Om kleine fracties in de gelegenheid te blijven stellen een voorzitter te leveren wil voorzitter Arib het aantal Kamerleden uitbreiden tot 151.
In Elseviers Weekblad zei mevr. Arib hierover:
‘De PvdA heeft nu maar negen vertegenwoordigers in de Kamer en de fractie kan mij moeilijk missen. Bovendien begrijpen veel mensen niet waarom ik - als voorzitter die boven de partijen moet staan - gewoon meedoe met stemmingen.’
Met haar suggestie haalt de Kamervoorzitter een oud voorstel van Agnes Kant weer uit de la. Deze pleitte er in 2003 al voor om de Tweede Kamer uit 151 leden te laten bestaan met een voorzitter die zich onthoudt van het uitbrengen van een stem.

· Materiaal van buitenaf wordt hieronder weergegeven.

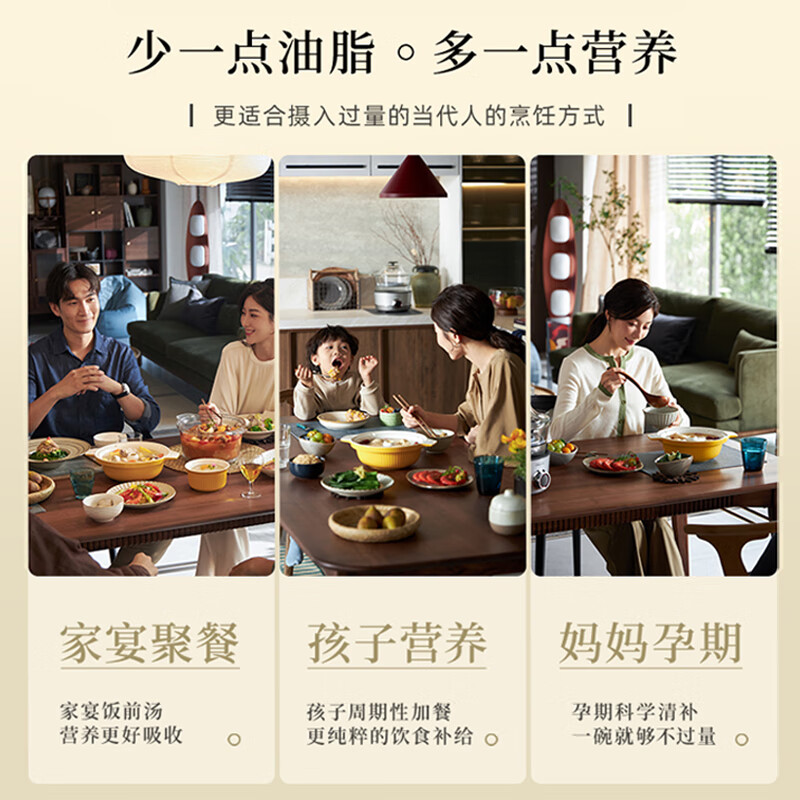 东菱（Donlim） 蒸汽锅 电炖锅 汽锅 家用电蒸锅 多功能蒸炖锅 隔水炖盅 云南汽锅鸡（煮锅+汽锅）DL-9009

Zo'n voorstel realiseren is overigens een lange weg, omdat er een wijziging van de Grondwet voor nodig is. In art. 51 Gw is namelijk vastgelegd dat de Tweede Kamer 150 leden telt (en de Eerste Kamer 75 leden).
Pas sinds de grondwetswijziging van 1956 telt de Tweede Kamer 150 zetels. Daarvóór waren het sinds 1888 100 zetels. In de Grondwet van 1848 bestond er een verband tussen het aantal zetels en het inwonertal: op 45 duizend inwoners moest er één afgevaardigde zijn. Dit was de tijd dat er in Nederland nog met kiesdistricten werd gewerkt. In 1888 werd gekozen voor een vast aantal zetels.
Uit een vergelijking tussen het aantal parlementsleden en het inwoneraantal van een land blijkt dat Nederland relatief weinig afgevaardigden telt. Dat zijn per Kamerlid ruim 110 duizend inwoners. Ter vergelijking: Estland telt zo'n 20 duizend inwoners per parlementszetel.